In May 1865, Sylvester M. Wait (d. 1891) begins operating a flour mill in the midst of farmland clustered around the convergence of the Touchet River and Coppei Creek in Walla Walla County. The previous year Wait had met Dennis Willard, an early settler in the Touchet Valley, who was in Lewiston, Idaho, selling supplies to miners. Wait returned with Willard and, on land donated by Willard and William Perry Bruce, set up a mill to process local wheat into flour. The town of Waitsburg will grow up around the mill, which will continue to expand and operate under different owners until it is closed 92 years later.
In 1859, a number of settlers began farming around the juncture of the Touchet River and Coppei Creek in the Touchet Valley. After a few years of farming along the rivers, some of these pioneer farmers began dryland farming on the slopes surrounding the valley and started to produce significant quantities of wheat. In 1864, while selling supplies to miners in Lewiston, Dennis Willard, who owned 160 acres in the Touchet Valley, met Sylvester Wait. Originally from Waitsfield, Vermont, Wait had previously operated a flour mill in Rogue River, Oregon, until hostilities there had forced him to abandon his business. He then opened a dairy in Lewiston. Willard persuaded Wait that the Touchet Valley, where ample wheat was grown and the rivers were powerful, was an opportune site for a flour mill. Moreover, Willard informed Wait, there were some 5,000 bushels of wheat ready to be shipped to Walla Walla. There would be more profit in grinding this wheat into flour and packing it to the mines.
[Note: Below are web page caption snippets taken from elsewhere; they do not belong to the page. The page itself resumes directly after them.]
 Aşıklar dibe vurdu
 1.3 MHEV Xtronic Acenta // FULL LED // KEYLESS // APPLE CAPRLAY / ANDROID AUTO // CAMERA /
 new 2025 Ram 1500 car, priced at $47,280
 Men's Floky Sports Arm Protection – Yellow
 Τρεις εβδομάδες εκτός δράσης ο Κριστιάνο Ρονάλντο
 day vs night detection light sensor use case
Willard and Bruce donated about 10 acres of land on the north side of the Touchet River for a mill and a residence for Wait and his men. They granted Wait rights for the millrace, and the other farmers in the area held their grain until the mill was in operation. Wait secured investment capital totaling about $14,000 and traveled to San Francisco for the necessary supplies. A two-story, 40-by-50-feet wood-frame structure, assembled with whatever wood could be obtained from the surrounding area, was built and one set of small millstones was installed. In May 1865, the mill went into operation and flour was soon en route to mining camps in Idaho.
A town, which came to be known as Waitsburg, quickly developed around Wait's mill. In 1866, Wait sold half of his interest in the mill to brothers William (1832-1916) and Platt Preston and the operation was enlarged. In 1870, Wait sold his remaining interest in the mill to the Preston brothers and moved upriver to build another mill in the new town of Dayton. The Preston brothers further expanded the Waitsburg mill and installed more and larger millstones. Later, the millstones were replaced with steel roller machines. Both the mill and the town grew, especially after a rail line connected Waitsburg with the regional and national railway network. In 1891, Frank Parton of Albany, Oregon, purchased a one-third interest in the mill, which then operated under the ownership of the Preston-Parton Milling Company. By the turn of the century, the five-story plant was producing some 400 barrels a day of fine and even white flour.
In 1911, William B. Shaffer, who had become general manager of the mill in 1886, bought Parton's interest and the Preston-Shaffer Milling Company was incorporated. The company expanded in the early twentieth century, establishing mills in Athena and Milton, Oregon, and in 1936 the Waitsburg mill was converted from water to electric power. In 1957, Preston-Shaffer stockholders voted to discontinue the business and the Waitsburg mill was closed. In September 2009 the abandoned mill, which had been on the Washington Trust for Historic Preservation's endangered property list since 2005, was destroyed in a fire.